Otra duda que me corroe es por qué toda la vida en los mejores colegios metían más de 40 alumnos por aula en Primaria e incluso en Secundaria (en mi época éramos hasta 45) y nadie se moría, y los chavales salían con una formación decente, y ahora obligan a que haya la mitad pero, en cambio, cuando terminan los estudios de la ESO muchos no saben hacer la o con un canuto. Me han explicado que la razón es que los niños de la generación anterior eran más manejables pero que ahora no hay dios que controle solo a 45 fieras de 11 años. No sé, yo creo que los profes no los controlan porque no quieren o porque no valen, más que porque los niños no se dejen o porque el sistema educativo no les brinde instrumentos. La primera exigencia a un profesor debiera ser saber manejar chavales y tener autoridad, y la autoridad no viene de las leyes, sino de uno mismo. Y si tan difícil es y tan incapaces se sienten, que no sean profesores, que esta profesión no consiste en cobrar un sueldo para toda la vida y pasar de todo como algunos se piensan. En conclusión, defiendo el incremento del número de alumnos por clase.

Por último, y ahora voy a ser duro, no comprendo el sistema de selección del profesorado que tienen las comunidades autónomas. Por descontado conozco muchos profesores, cómo no, si yo diría que uno de cada dos jóvenes de Castilla y León trabaja en la enseñanza pública, y entre mis conocidos hay de todo. Debo admitir que algunos, más bien pocos, son gente seria, capaz, preparada (algunos con varias carreras) y tocada en la frente por una entrañable vocación que inspira mi mayor respeto. Pero no me cortaré un pelo en afirmar que una parte nada desdeñable de mis conocidos del mundo de la docencia, especialmente interinos de las enseñanzas medias, no saben ni dónde tienen la mano derecha; se les da fatal hablar en público; tienen un nivel y una inquietud cultural bajo cero; son más inmaduros que los propios adolescentes; son perezosos y amigos del escaqueo; cometen faltas de ortografía; son maleducados; jamás les han gustado los niños ni los adolescentes y no tienen ni puta idea de cómo tratarlos; carecen de carácter y autoridad alguna, y, por si fuera poco, no poseen ninguna experiencia en las aulas y han sacado una nota vergonzante en las oposiciones. ¿Cómo es posible que pongan a esta peña al frente de una clase? ¿Cómo van a salir los niños con estos botarates enseñándoles Historia, Matemáticas o Conocimiento del Medio?

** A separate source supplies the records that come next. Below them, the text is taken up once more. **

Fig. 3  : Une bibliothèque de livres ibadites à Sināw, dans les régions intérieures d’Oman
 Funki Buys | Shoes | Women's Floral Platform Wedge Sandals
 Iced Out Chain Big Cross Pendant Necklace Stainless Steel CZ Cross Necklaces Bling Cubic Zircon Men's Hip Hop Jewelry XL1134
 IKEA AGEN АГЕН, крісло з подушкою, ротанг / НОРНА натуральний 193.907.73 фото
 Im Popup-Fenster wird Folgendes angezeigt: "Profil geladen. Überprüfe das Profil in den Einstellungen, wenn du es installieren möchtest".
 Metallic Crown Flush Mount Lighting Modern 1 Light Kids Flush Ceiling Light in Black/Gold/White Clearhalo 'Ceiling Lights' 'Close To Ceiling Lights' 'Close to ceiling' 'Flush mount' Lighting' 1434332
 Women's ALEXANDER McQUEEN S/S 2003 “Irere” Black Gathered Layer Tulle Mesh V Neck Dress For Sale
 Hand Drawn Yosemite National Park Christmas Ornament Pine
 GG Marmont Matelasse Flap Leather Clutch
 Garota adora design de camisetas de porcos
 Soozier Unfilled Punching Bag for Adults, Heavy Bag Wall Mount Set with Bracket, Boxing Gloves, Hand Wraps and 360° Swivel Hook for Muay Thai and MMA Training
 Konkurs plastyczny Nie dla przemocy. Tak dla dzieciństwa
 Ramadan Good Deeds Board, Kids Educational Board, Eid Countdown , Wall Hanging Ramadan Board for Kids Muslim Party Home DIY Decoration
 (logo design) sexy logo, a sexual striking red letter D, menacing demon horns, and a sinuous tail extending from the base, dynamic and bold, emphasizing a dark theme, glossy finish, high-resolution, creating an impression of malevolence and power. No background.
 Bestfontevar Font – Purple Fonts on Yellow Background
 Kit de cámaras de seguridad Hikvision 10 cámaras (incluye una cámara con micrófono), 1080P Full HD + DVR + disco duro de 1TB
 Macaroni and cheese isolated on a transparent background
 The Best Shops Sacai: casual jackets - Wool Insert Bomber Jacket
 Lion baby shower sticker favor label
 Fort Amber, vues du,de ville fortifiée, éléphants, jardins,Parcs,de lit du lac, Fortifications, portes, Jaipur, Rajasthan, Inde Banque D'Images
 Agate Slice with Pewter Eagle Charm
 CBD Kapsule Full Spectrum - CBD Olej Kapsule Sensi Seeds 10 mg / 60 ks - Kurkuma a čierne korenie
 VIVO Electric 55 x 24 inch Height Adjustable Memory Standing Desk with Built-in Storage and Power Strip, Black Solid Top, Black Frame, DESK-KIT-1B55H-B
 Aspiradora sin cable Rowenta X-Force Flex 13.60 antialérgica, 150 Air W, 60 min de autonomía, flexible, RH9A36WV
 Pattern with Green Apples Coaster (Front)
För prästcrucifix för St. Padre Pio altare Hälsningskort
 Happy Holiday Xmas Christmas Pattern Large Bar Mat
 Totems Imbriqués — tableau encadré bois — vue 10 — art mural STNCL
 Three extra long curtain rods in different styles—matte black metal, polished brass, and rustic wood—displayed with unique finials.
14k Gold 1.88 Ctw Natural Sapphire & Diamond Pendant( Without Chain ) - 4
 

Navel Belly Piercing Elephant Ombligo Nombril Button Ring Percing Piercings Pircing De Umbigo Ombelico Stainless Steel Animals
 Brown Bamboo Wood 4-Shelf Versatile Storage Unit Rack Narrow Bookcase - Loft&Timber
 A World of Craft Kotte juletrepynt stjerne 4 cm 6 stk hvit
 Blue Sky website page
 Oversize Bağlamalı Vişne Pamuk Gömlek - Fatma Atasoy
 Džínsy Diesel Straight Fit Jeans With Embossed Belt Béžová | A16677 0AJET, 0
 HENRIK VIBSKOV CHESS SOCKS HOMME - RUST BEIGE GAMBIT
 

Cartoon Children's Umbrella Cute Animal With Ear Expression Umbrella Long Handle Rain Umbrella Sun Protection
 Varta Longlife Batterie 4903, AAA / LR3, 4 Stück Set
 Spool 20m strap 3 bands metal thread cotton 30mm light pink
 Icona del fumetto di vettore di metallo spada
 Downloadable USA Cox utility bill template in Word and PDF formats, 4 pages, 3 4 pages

Adelantándome en responder un poco a todas estas cuestiones, yo tengo la sospecha de que la prioridad de la Junta de Castilla y León, igual que sucede en otras comunidades, no es construir un sistema educativo de calidad con la mirada puesta en la formación y en el futuro de nuestros jóvenes, sino llevar a cabo una burda corrección del mercado de trabajo y camuflar el paro, inventándose para ello tropecientos mil puestos de profesor y de maestro que brinden una salida profesional al ejército de recién titulados de nuestra Región, quienes, de otro modo, no encontrarían curro ni en sus mejores sueños. Para ello, todo vale: dos maestros para tres críos en Villacanicas del Hoyo en vez de fusionar municipios y/u obligar a desplazarse a los niños; plazas de profe a tutiplén y una bolsa de trabajo exuberante para mandar legiones de docentes a los cientos de pueblos castellanos y leoneses cada vez que hay una baja de dos semanas; un horario semanal de trabajo no digo que inadecuado pero sí al menos sospechosillo con la que está cayendo, aunque los profes alegan trabajar mucho en casa preparando las lecciones; y, como he dicho, veinte alumnos por clase, por si alguien se hernia.

Valoraría, por supuesto, argumentos que desmonten mis teorías y estaría encantado de rectificarlas si alguien, desde su experiencia y buen criterio, me convence de que estoy en un error. La Educación, insisto, me importa mucho y el debate al respecto me parece positivo en cualquier foro.